Naive Bayes

Naive Bayes is based on Bayes theorem from probability theory. It’s called “naive” because it makes a naive assumption that each predictor in your data is independent of the others, given the outcome. While this assumption is typically false, in practice, it still allows the algorithm to work fairly well.

The Naive Bayes algorithm tries to determine the likelihood of the predictors given both classes of the binary outcome (yes and no). It then uses these likelihoods and some prior knowledge about the general frequency of the outcome (an initial estimate based on the data, before considering the predictors) to make a prediction.

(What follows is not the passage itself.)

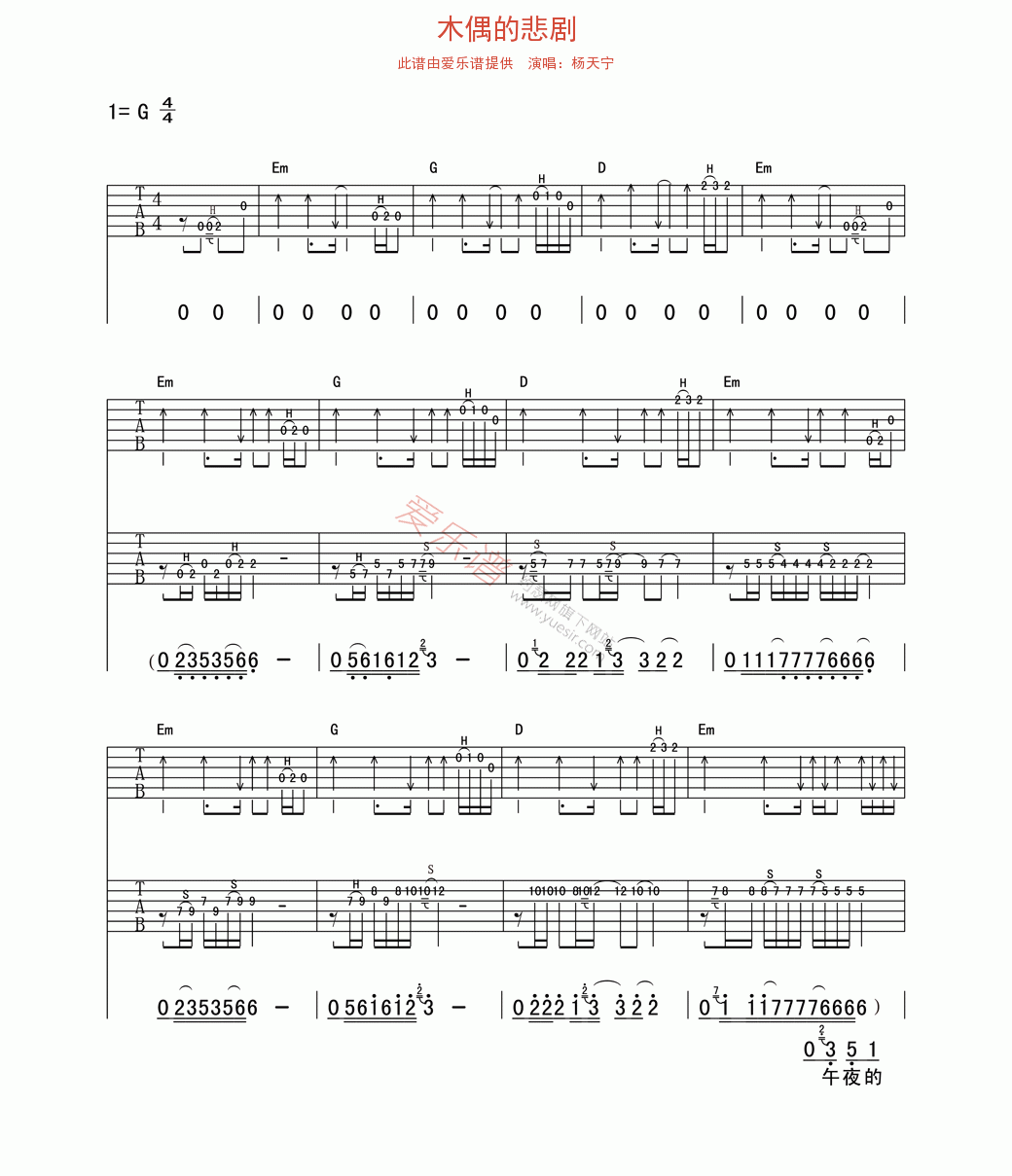《杨天宁《木偶的悲剧》》吉他谱-C大调音乐网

So first, the algorithm checks the frequency of your predictors given the outcome. For instance, when predicting on-time high school graduation, it may ask: How many students were chronically absent among students who graduated on time? And: How many students were chronically absent among students who did not graduate on time?¹

For continuous predictors (e.g. attendace rate), one approach is to “bin” or discretize the variable’s values into categories, but this approach can be limiting. Therefore, the Naive Bayes algorithm relies on “kernels,” which provide a way to estimate likelihoods without discretizing the data.²

The next step is based on Bayes Theorem, which is:

\[\begin{equation} P(Y=y|X=x) = \frac{P(Y=y)P(X=x|Y=y)}{P(X=x)} \end{equation}\]

Therefore, Naive Bayes algorithm combines the prior with the likelihoods to produce a “posterior” probability for both outcomes: the probability of yes and no given the predictors in your predictor set. The outcome with the higher posterior probability is the algorithm’s prediction if classification is the goal. Otherwise, the computed posterior probability can be directly used as the predicted probability of the outcome.

Advantages of Naive Bayes

Simplicity and speed: Naive Bayes is computationally efficient and easy to implement. For large datasets, especially those with a high number of predictors, Naive Bayes can be faster than more complex methods.
Text classification: Naive Bayes is famously effective for certain text classification tasks, like spam detection, sentiment analysis, and topic assignment. This effectiveness is in part because the “naive” assumption that all features (words) are independent given the class often works surprisingly well in this context.
Multiclass problems: Naive Bayes naturally extends to multiclass classification problems (e.g. predicting an outcome with more than two classes) without needing any special modifications.

Advantages of Naive Bayes

Naive independence assumption: The main “naive” assumption of this method is that predictors are conditionally independent given the class. This assumption is rarely true in real-world applications.
Can struggle with continuous predictors: Naive Bayes requires modifications to handle continuous predictors (e.g., using Gaussian distributions or kernel density estimation). Even with these modifications, it might not perform as well as regression models or tree-based algorithms on some continuous datasets.
Does not capture interactions: Because Naive Bayes treats each feature independently, it doesn’t capture interactions between predictors. Algorithms that rely on decision trees can often better handle data where interactions are critical.
Estimation of probabilities: While Naive Bayes can give calibrated probabilities for well-represented classes and predictors, the probability estimates can be unreliable for underrepresented classes, even with smoothing.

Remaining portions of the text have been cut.